FIG. 7 is a flowchart of an exemplary process of a sequential Θ-sketch generator, according to an embodiment of the present teaching. The process commences in step 710, wherein the Θ-sketch generator receives a data element from an input data stream. In step 720, a hash value for the data element is computed in accordance with a hashing model.


In step 730, a query is performed to determine whether the computed hash value of the data element is smaller than a threshold (Θ) associated with the Θ-sketch. If the response to the query is negative, the process loops back to step 710 to process the next element of the data stream. However, if the response to the query if affirmative, the process moves to step 740.


In step 740, the hash value associated with the data element is added to the Θ-sketch. The process then proceeds to step 750, wherein a further query is performed to determine whether a size of the Θ-sketch (i.e., number of samples included in the Θ-sketch) is greater than the predetermined size of K elements. If the response to the query is negative, the process loops back to step 710.


However, if the response to the query in step 750 is affirmative, the process proceeds to step 760, wherein the size of the Θ-sketch is maintained at the pre-determined value (K), and largest sample in the Θ-sketch (i.e., the largest hash value computed thus far) is assigned to the threshold (Θ). In other words, as stated previously, once the size of the Θ-sketch reaches the predetermined value of K, each update that inserts a new sample (i.e., new hash value) into the sketch, correspondingly also removes the largest sample in the sketch. The largest sample is assigned as the new threshold value Θ. Thereafter, the process loops back to step 710 to process the next data element of the input data stream.



FIG. 8 depicts an exemplary high-level system diagram of a data analytics engine 130, according to an embodiment of the present teaching. The data analytics engine 130 includes a data receiving unit 801, a data processing unit 803, and a data transmitting unit 805.


The data receiving unit 801 receives data sketches that are generated by the respective data owners. Upon receiving the data sketches, the data processing unit 803 combines the data sketches to generate combined data. By one embodiment, the data processing unit 803 performs data sketch operations (e.g., set operations, theta-operations, etc.) to generate combined data based on the set map rules 807. The data transmitting unit 805 may be configured to transmit the combined data to at least some of the data owners based on certain criteria e.g., business agreements between the data owners etc.

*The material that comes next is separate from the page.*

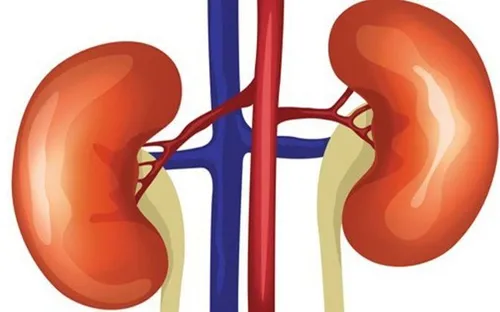 Bệnh thận mạn: Chỉ cần vận động nhẹ mỗi ngày cũng có thể giảm mạnh nguy cơ tử vong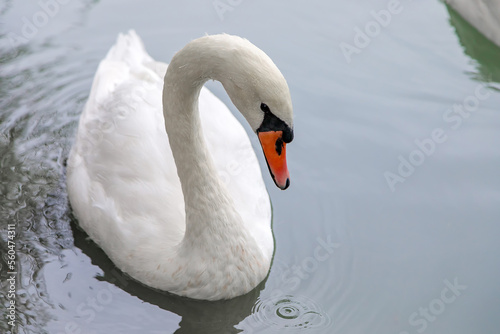 Beautiful white swan on a pond in the park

FIG. 9 is a flowchart of an exemplary process performed by a data analytics engine, according to an embodiment of the present teaching. The process commences in step 910, wherein the data analytics engine receives data sketches from respective data owners. In step 920, the data analytics engine generates a combined data sketch in accordance with a set of rules. Upon generating the combined data sketch, in step 930, the data analytics engine transmits the combined data sketch to one or more data owners.


Turning now to FIG. 10A, there is depicted an exemplary timing diagram of a symmetric mode of data sharing, according to an embodiment of the present teaching. In the symmetric mode of operation, a particular data owner (e.g., data owner 1) generates mapping information and transmits the generated mapping information to all other data owners (step 1001). It must be appreciated that the selection of the particular data owner that is configured to generate and transmit the mapping information may be based on several criterion such as selecting the data owner with the most amount of proprietary data, business agreements between the various data owners, etc.


Upon generating and transmitting the mapping information, in step 1003, the data owner 1001 generates a data sketch (e.g., Theta sketch) based on its proprietary data and transmits the generated data sketch to all other data owners. Each of the other data owners i.e., data owner 2, data owner 3, . . . data owner K, generates a data sketch corresponding to its proprietary data based on the mapping information received from data owner 1. Further, as shown in step 1005, each of the other data owners transmits their respectively generated data sketch to all other data owners. Note that for sake of clarity, in FIG. 10A, the data sketches generated by data owners 2, 3, . . . K are shown to be transmitted to only data owner 1.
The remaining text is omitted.